A Speaker’s Bureau was constructed under the Central Mass Health Literacy Project to facilitate community access to health literacy topics. The Green Nursing Project is an initiative to educate hundreds of nurses about Environmental Health Literacy topics and Inspire them to take Personal and Professional Action. The Green Nursing Project includes Hands-on Interactive Workshops to introduce participants to chemicals in consumer products, adverse health effects, and risk reduction strategies.

Which is the primary factor influencing running stride parameters: age or lower limb strength?

Carl Jewell, University of Massachusetts Amherst
Eric Rohr, Brooks Sports, Inc.
J. Hamill, University of Massachusetts Amherst
Katherine A. Boyer, University of Massachusetts Amherst

12:30 PM

Much still remains unknown about the impact of age, and age-related changes in muscle function, on gait parameters. The aim of this study was to examine the impact of strength on running gait parameters across the adult lifespan. We tested the hypothesis that a greater amount of the variance in peak hip, knee and ankle sagittal plane moments would be explained by peak isometric joint torques as compared to age. Twenty-four healthy adults, ages 20-66 years, completed 5 trials on an overground 20-meter runway at a standardized velocity of 3.5 ms-1 (± 5%). Participants performed maximal isometric plantar flexion and knee extension for three contractions lasting three seconds each. Linear regression analysis between strength, age, and moments were performed. At the ankle, age alone explained 14.4% of the variance in the peak ankle joint moment. There was not a significant increase in the variance explained when strength was added to the model. At the knee, neither age nor strength explained a significant portion of the variance in peak knee moments. However, together age and strength explained 27.9% of the variance in the peak knee moment. No significant associations were found between the hip moments and either knee and ankle strength. These results suggest that other age-related physiological changes may drive changes in gait mechanics more so than maximal torque production. A more dynamic measure of muscle function, such as power or isokinetic torque at varying speeds may have greater predictive value for gait performance.

Workplace Predictors of Perceived Quality of Care in Nursing homes

Winnie Chin, University of Massachusetts Lowell
Laura Punnett, University of Massachusetts Lowell
Rebecca Gore, University of Massachusetts Lowell
Laura Kernan, University of Massachusetts Lowell

12:30 PM

Nursing home quality of care (QOC) is a matter of public concern and public policy. Higher nurse-to-patient ratios have been shown to decrease rates of adverse outcomes. Positive nurse-doctor relationships also have a positive effect, which might translate to other clinical staff, such as nursing aides, who perform the majority of direct care tasks in nursing homes. This cross-sectional study examined whether workplace factors in nursing homes were associated with QOC as evaluated by staff members themselves. Surveys were distributed to personnel in 24 nursing home facilities in the Northeast U.S. A total of 1463 respondents provided ratings of QOC and 14 work environment features. Analyses included correlations, Cronbach’s alpha, and principal components analyses (with rotation) to examine psychometric properties of predictor scales and reduce multicollinearity.
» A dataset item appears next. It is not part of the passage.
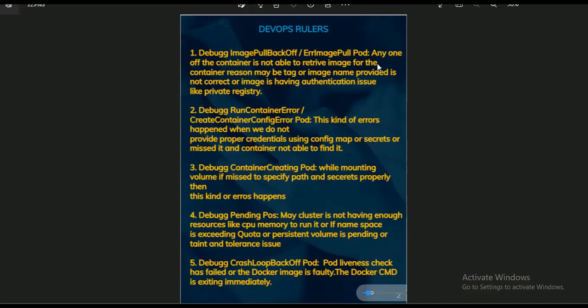The third error is around a pod stuck in ContainerCreating — this usually happens when mounting a volume if you miss specifying the path of secrets properly. Debug Pending pods means the cluster may not have enough resources to schedule the pod, or the namespace is incorrect. The last one is CrashLoopBackOff, which happens when the liveness check has failed or the Docker image has issues. You can refer to the documentation to gather more information about all of these.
A multivariable model of QOC was built using all potential workplace factors to determine which factors contribute to self-reported QOC, with removal of those covariates that were not significant (p>0.05), decreased the model fit, or showed a confounding effect (>15% change in other coefficients). The final model showed that perceived commitment and obstacles to safe-lifting programs, respect and support between coworkers and supervisors, adequacy of staffing, physical exertion, safety climate, and psychological demand, were significant contributors to staff-assessed QOC. Nursing homes should consider cultivating these work environment characteristics for the benefit of both direct-care staff and the residents for whom they provide care.